Over the weekend, NATO bombs struck downtown Belgrade for the first time, leaving a police building and a military headquarters in flames. They lit up a main boulevard like massive torches, and could be seen from miles away.

Yesterday, NATO strikes intensified, reportedly hitting a police academy, a heating plant, a fuel depot, and a factory north of Kosovo. Witnesses report two of three bridges in the major city of Novi Sad were destroyed. The loss not only debilitates the Serbian forces' resupply routes, but shuts off access across the Danube River north to Hungary.

The bombs appear to have hit their targets with pinpoint accuracy. Still, Yugoslav officials reported three deaths and 16 injured in the latest airstrikes.

The problems caused by the airstrikes - and Milosevic's refusal to back down - are fanning across the Balkans, a region that is already tense with ethnic animosity.

The ethnic Albanians of Kosovo, fleeing the region by the tens of thousands amid reports of ethnic cleansing and mass executions, are rapidly exhausting the resources of neighboring countries. Macedonia, a tiny and unstable country bordering Kosovo, announced Saturday it could accept no more refugees.

MONTENEGRO, the small republic that along with Serbia that makes up Yugoslavia, also has been hit by waves of Albanian refugees. The US-backed government of President Milo Djukanovic is bracing for a possible coup by Milosevic-backed hardliners. The commander of the 2nd Yugoslav Army, based in Montenegro, was recently replaced by a Milosevic loyalist.

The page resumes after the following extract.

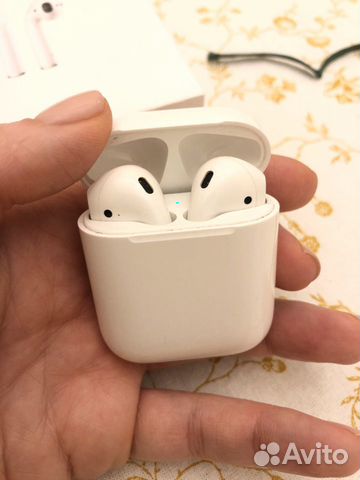 Беспроводные наушники AirPods 1 поколения Беспроводные наушники AirPods 1 поколения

"Mr. Milosevic and his followers are bringing about the disintegration of this country," Djukanovic said in a television interview this weekend.

In Belgrade, daily demonstrations - at first music concerts and peace protests - are becoming nationalist rallies. Anti-Western slogans are becoming harsher, and Serbs are increasingly waving the flags of Russia and Greece - two Christian Orthodox countries that have been sympathetic to Yugoslavia.

Western buildings, such as the American Cultural Center, also on the main boulevard, have become shrines of hatred. They are covered with Nazi swastikas and violent curses.

Vojislav Seselj, the ultranationalist Serbian vice-premier, was recently seen walking through the center of town with his four sons - in an usual display of public defiance. Others on the street crowded around him approvingly as he walked on with a stern look on his face.

Serbian forces are on the street en masse, and continue to intimidate the press. Police on Saturday - with pistols drawn - jumped the car of two foreign journalists for no apparent reason. Other foreign journalists have been expelled or denied access to damage sites.

Many residents of Belgrade, such as Sasa and Mr. Vucinic, the two best friends, say they are sinking into a world in which no one feels safe. More than blind hatred for the US, they feel betrayed, that the US they once looked to for help in delivering a democracy to Serbia is dropping bombs on them.

"I used to want to go to the States to live," says Vucinic. "Now I will never go - not even to visit."